TJ-RJ autoriza inclusão de concessionárias em ações de consumidores contra a Cedae

Decisão vale para processos em qualquer fase e busca garantir o cumprimento de ordens sobre água e esgoto

A Seção de Direito Privado do Tribunal de Justiça do Rio de Janeiro (TJRJ) decidiu que é legítima a inclusão das novas concessionárias de água e esgoto — como a Águas do Rio — em ações judiciais movidas contra a Cedae, sempre que houver ordem judicial relacionada à prestação do serviço e a antiga estatal não tiver mais condições de cumprir a decisão.

A medida resolve um impasse que vinha afetando milhares de consumidores após a privatização do setor no estado.

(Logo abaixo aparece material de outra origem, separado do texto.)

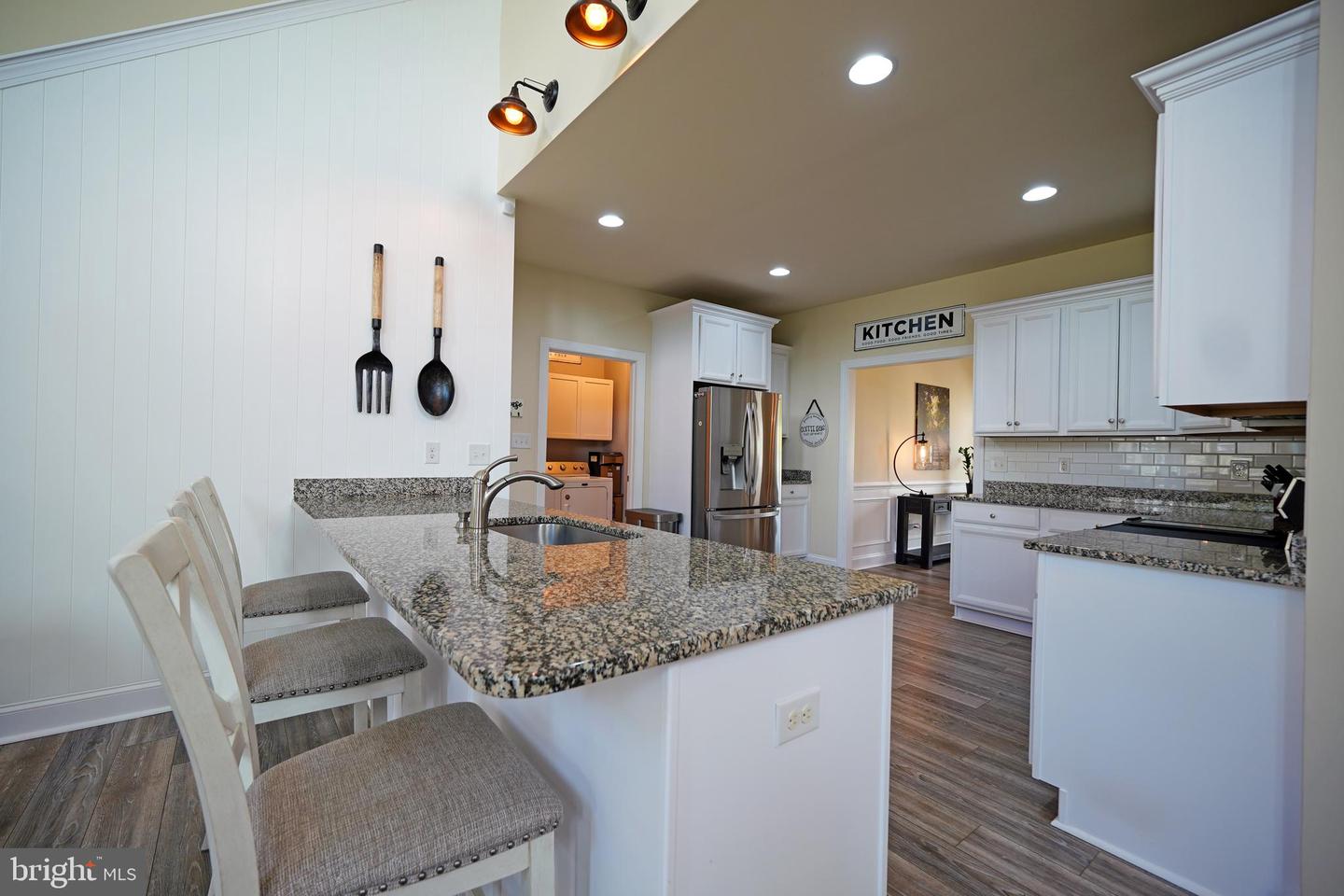 28731 Valley View Ln Property Photo 14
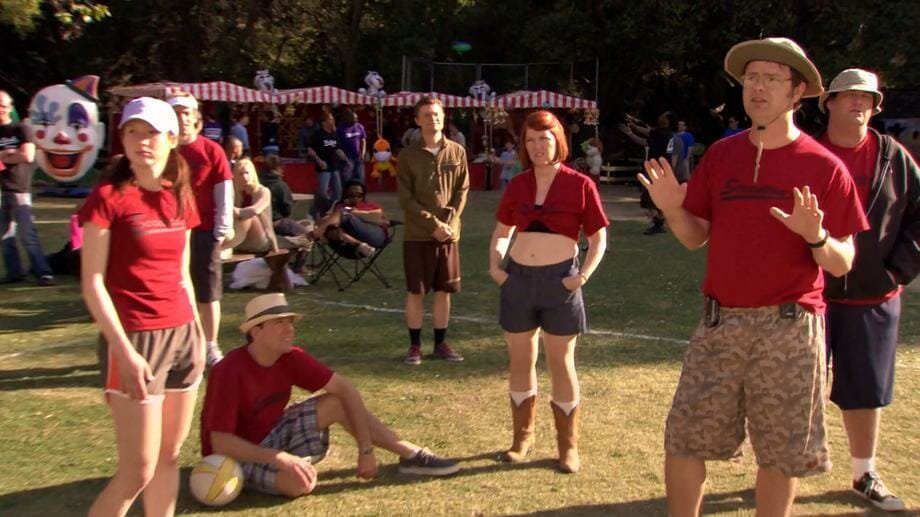 best the office episodes: Company Picnic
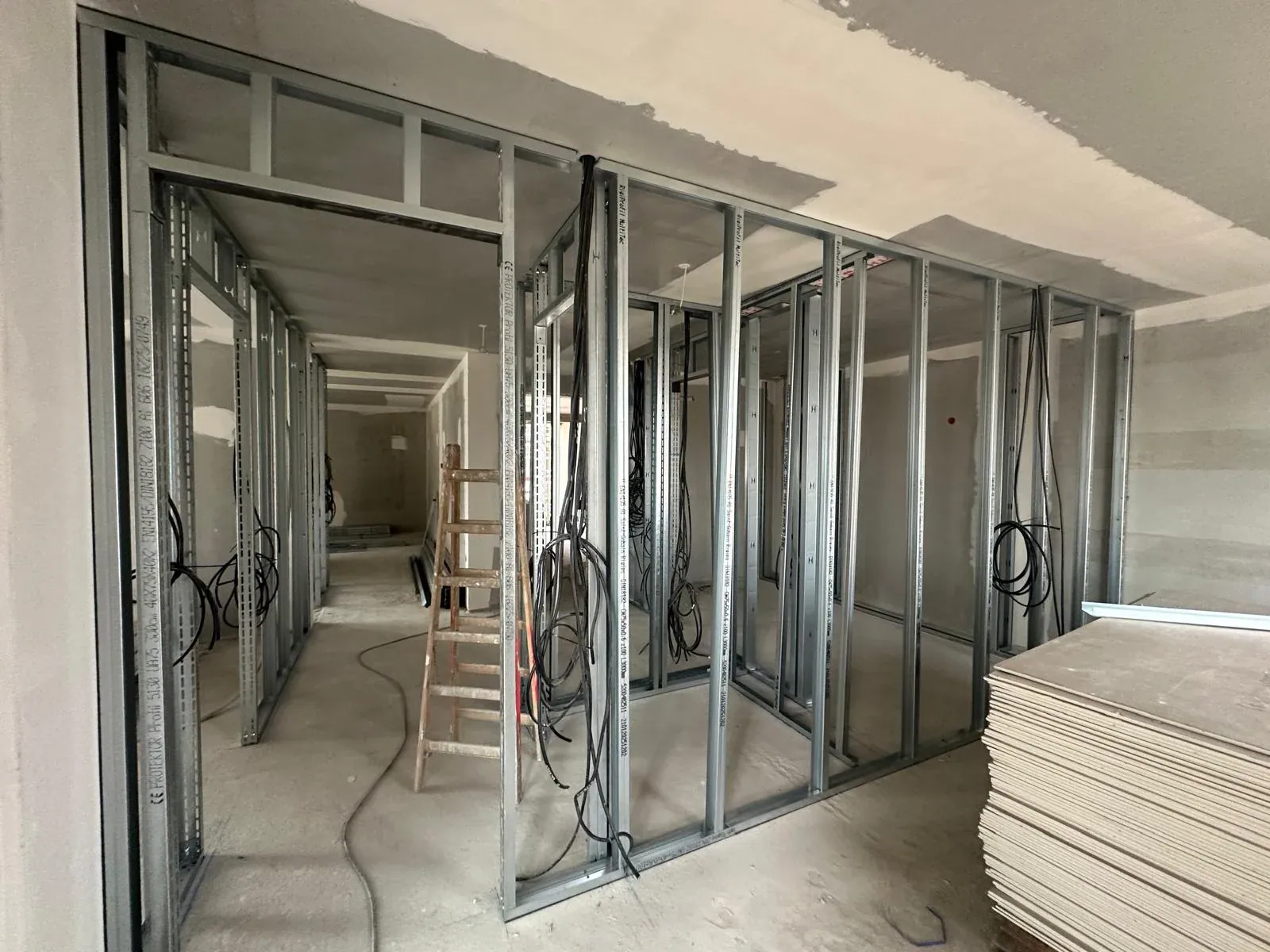 Trockenbau-Ständerwerk mit vorbereiteten Installationen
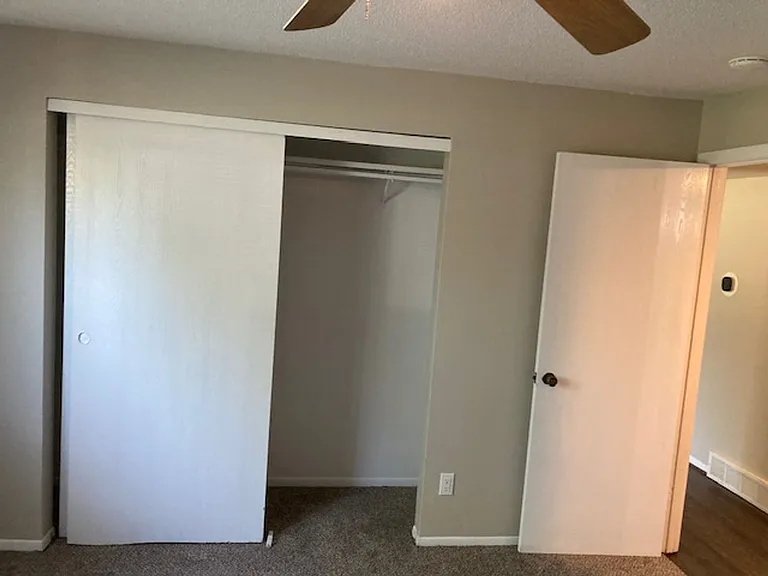 Hollow Hills Apartments — Photo 42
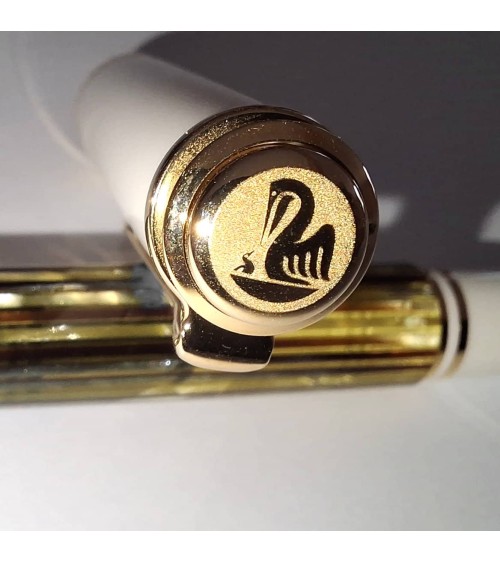 Stylo-plume à piston Pelikan M400 Ecaille de tortue Blanc, bec or bicolore 14 carats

A decisão foi tomada em um Incidente de Resolução de Demandas Repetitivas (IRDR), mecanismo usado pelo Tribunal para unificar o entendimento em milhares de processos semelhantes e evitar decisões contraditórias.

O foco da Corte foi simples: garantir que decisões judiciais não se tornem ineficazes por causa da troca da empresa responsável pelo serviço.

Com isso, o TJRJ definiu que quando houver obrigação de fazer ou não fazer — como religar água, corrigir cobrança, instalar hidrômetro ou manter o fornecimento — a nova concessionária pode e deve ser incluída no processo, mesmo que a ação tenha começado contra a Cedae.

Quem deve cumprir as ordens da Justiça

Segundo o Tribunal, não faz sentido manter a Cedae como única responsável em processos nos quais ela já não opera mais o serviço.

Por isso, a regra fixada foi clara:

  • a nova concessionária pode ser incluída em qualquer fase do processo;
  • isso vale para ações em andamento, já sentenciadas ou na fase de cumprimento da decisão;
  • o objetivo é evitar que o consumidor seja obrigado a entrar com uma nova ação apenas por causa da mudança na gestão do serviço.

Responsabilidade por erros do passado

O TJRJ também fez uma distinção importante sobre indenizações e dívidas antigas.

A decisão estabelece que:

  • danos causados exclusivamente pela Cedae antes da concessão continuam sendo responsabilidade da estatal;
  • as novas concessionárias não herdam automaticamente erros, indenizações ou ilícitos do passado;
  • só haverá repasse de obrigações financeiras se isso estiver previsto em lei ou no contrato de concessão, em situações específicas.

Em resumo:

  • problemas antigos → Cedae
  • prestação atual do serviço → nova concessionária

Multas só após comunicação formal

Outro ponto relevante diz respeito à aplicação de multas.

O Tribunal definiu que a nova concessionária:

  • só pode ser multada após ser formalmente intimada pela Justiça;
  • só responde por multa se descumprir o prazo fixado pelo juiz depois de entrar no processo;
  • não pode ser punida por atrasos ocorridos antes de sua inclusão na ação.

Serviço essencial não pode parar

Ao fundamentar a decisão, o TJRJ reforçou que a água é um serviço essencial, e que disputas administrativas ou contratuais não podem prejudicar o consumidor.

Para os desembargadores, eventuais conflitos entre empresas ou entre concessionárias e o Estado não podem atrasar nem impedir o atendimento à população.

Entendimento passa a valer para todo o Judiciário fluminense

Como se trata de um IRDR, a tese fixada pelo Tribunal é obrigatória para juízes e câmaras do TJ-RJ em casos semelhantes.

Na prática, o Judiciário fluminense passa a adotar uma regra única sobre quem deve responder nas ações envolvendo falhas no fornecimento de água e esgoto após a privatização da Cedae.